The Islamic Growth Markets Investment Report 2015 presents a new perspective of investment opportunities across the 57 OIC member countries.
Focused on fast growing consumer driven sector clusters of food, retail, tourism, health and others, as well as government spending-driven infrastructure and construction, the Report looks at investment opportunities across the full geographic spectrum of the Organization of Islamic Cooperation (OIC) growth markets and their global value chain.
The OIC represents a GDP in 2013 of US$6.7 trillion and is projected to grow from 2015 to 2019 at a higher rate (5.4%) than rest of the world (3.6%) or of the BRIC nations (3.9%.).

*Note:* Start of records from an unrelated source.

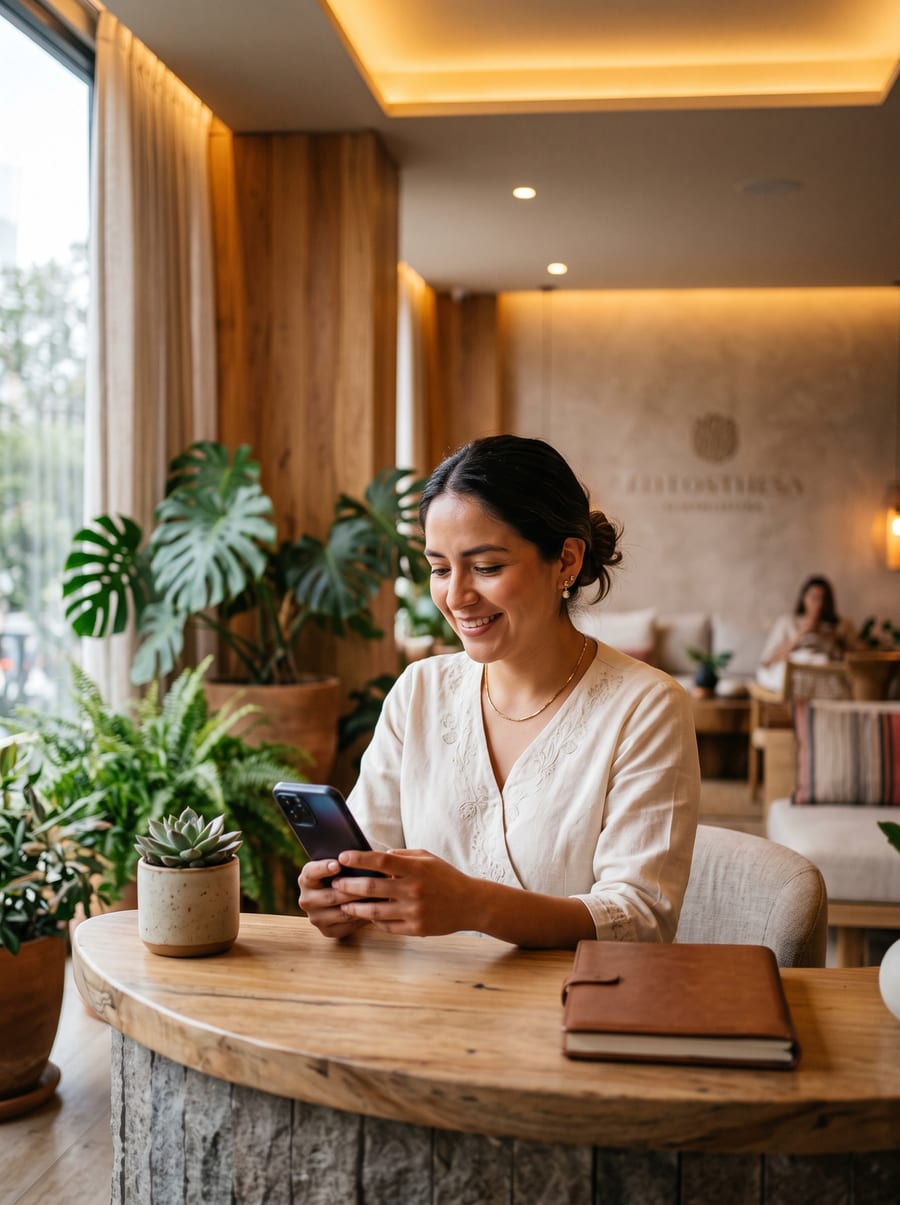 Terapeuta revisando la app en el spa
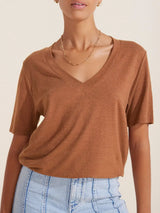 V-Neck Short Sleeve T-Shirt - Trendsi - Flyclothing LLC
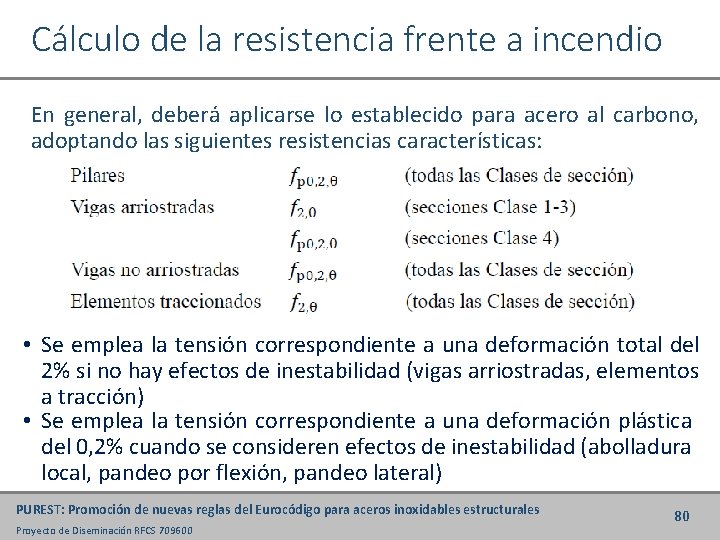 Cálculo de la resistencia frente a incendio En general, deberá aplicarse lo establecido para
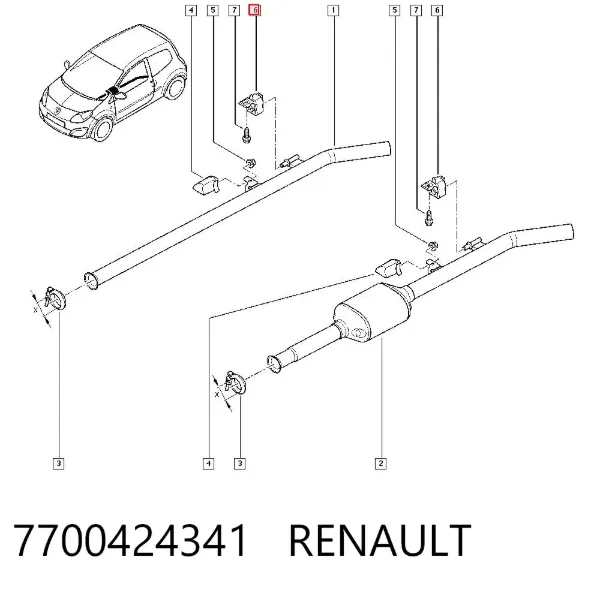 Подушка глушителя 7700424341 Renault (RVI)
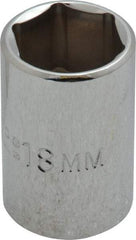 Proto - 1/2" Drive, Standard Hand Socket - 6 Points, 1-1/2" OAL, Chrome Finish - Americas Industrial Supply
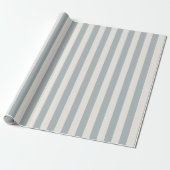 Vertical Stripe Pattern Light Blue-Gray and Cream Cadeaupapier (Uitgerold)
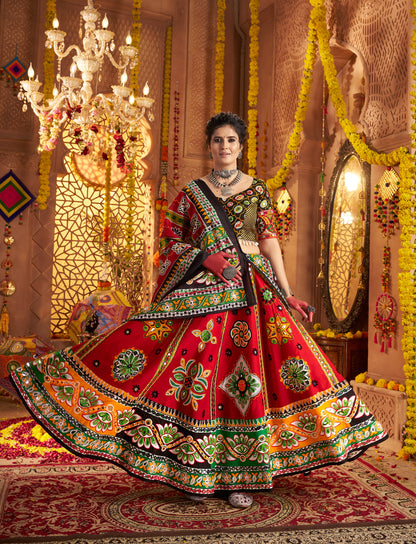 Bold Red Navratri Chaniya Choli with Traditional Kutchi Embroidery – Bindyaa Festive Wear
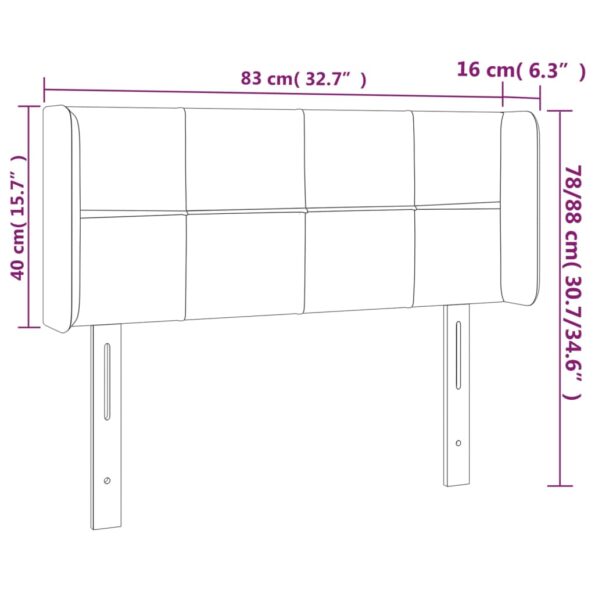 vidaXL Čelo postele so záhybmi tmavosivé 83x16x78/88 cm látka – Obrázok 9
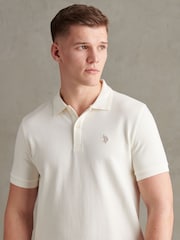 U.S. Polo Assn. Cream Twill Texture Polo Shirt - Image 2 of 6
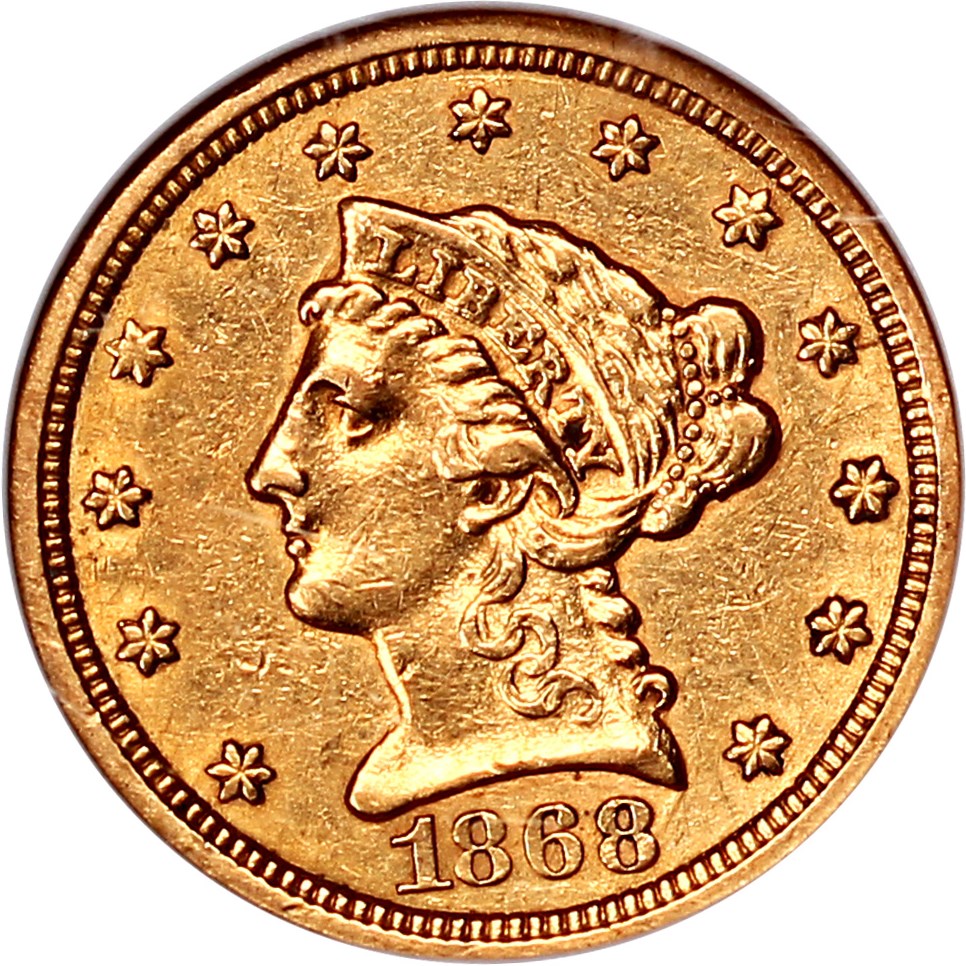 image for: 1868-S 2 1/2 NGC AU50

Malaysia, Indonesia, and UAE lead the inaugural 2015 Islamic Growth Markets Investment Index which ranks countries' investment potential relatively within the OIC member country grouping. GCC economies led by UAE are also on the top ten list including Qatar
and Saudi Arabia. Other markets on the top 10 include Kazakhstan, and
Turkey.
The Index is based on a set of nine metrics covering the
categories of a country’s growth fundamentals, growth momentum,
investment momentum and relative country risk. Indonesia shows the strongest growth fundamentals among the top three
as it has the largest population (249 million, 2013) and GDP (US$870
billion, current US$, 2013), while Malaysia has the strongest growth and
investment momentum (217% foreign direct investment inflows growth from
2009 to 2013).
DinarStandard’s OIC Industry Clusters Model has prioritized 10 sector
clusters within OIC countries that provide best opportunities for sector
based investment strategy. The top OIC sector clusters identified are: energy, food & agriculture, electronics, travel & transportation, metals, chemical & allied, plastics/rubber, textiles & related, infrastructure & construction, and health products & services.
Across each of the prioritised sector groupings, areas of competencies from different OIC markets across the value chain present unique investment/growth opportunities.